Alors, il s’agit de comparer le comparable et si Kae Tempest vient rapidement en tête, on y entend aussi du Agnes Obel, dans la douceur des harmonies au piano qui font flotter les textes de Nicool, des récits qui rappellent Patti Smith dans le dire vrai, sans filtre, sans masque, dans un mélange puissant entre poésie et colère. Pourtant, ce qu’on entend véritablement dans ce disque c’est du Nicole Bausch absolument et précisément déshabillée de son blase qui la mettait à couvert. Cette fois, Nicole – on se permet la familiarité tant l’album nous place au plus proche des artistes – se montre elle, et transforme sa douleur en lumière musicale.
L’ouvrage musical en présence se vit comme une expérience personnelle. La proposition est certes acerbe et structurée dans la pensée de Nicool et sa propre catharsis mais son propos est assez proche de nous pour que sa vulnérabilité nous envahisse tous. La résonnance de Liewen est universelle car le disque convoque des thèmes existentialistes tels que la perte, la reconstruction et la quête de sens.
Liewen est ce genre de projet musical qui invite à un exorcisme feutré et permette de trouver une fraiche lucidité dans ce monde en plein lymphatisme. L’album est la preuve que l’art peut encore oser et devenir un objet de guérison aux blessures de l’esprit. Il est un projet artistique authentique et bouleversant dans son récit et dans ce que Nicole Baush y met d’elle-même et enfin, il montre une rigueur formelle qui évite à l’équipe de sombrer dans le pathos. « Liewen », pour « vie » traduit du luxembourgeois, est un disque rare, un manifeste émotionnel déguisé en chanson qui célèbre la vie.

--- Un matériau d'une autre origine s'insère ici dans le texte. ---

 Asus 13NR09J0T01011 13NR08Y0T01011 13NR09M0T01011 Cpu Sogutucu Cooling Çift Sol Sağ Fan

Et ainsi, naturellement, elle finit son disque à nu, avec la piste De Bierg. Un titre dépouillé, posé au micro sans accompagnement, comme si elle nous donnait un dernier mot avant la fin, une dernière poésie pour apaiser nos cœurs meurtris et sécher nos larmes. « Le soleil projette ses rayons sur ma peau / Je vois une minuscule souris oser quitter son petit trou / Un reste de confiture posé sur ma langue / Je sens la fraîcheur du pâturage – j’y suis », écrit-elle dans cette traduction de l’anglais. Et en effet, elle y est dans ce rare niveau de grâce qu’atteint un artiste et elle va y rester, on l’espère.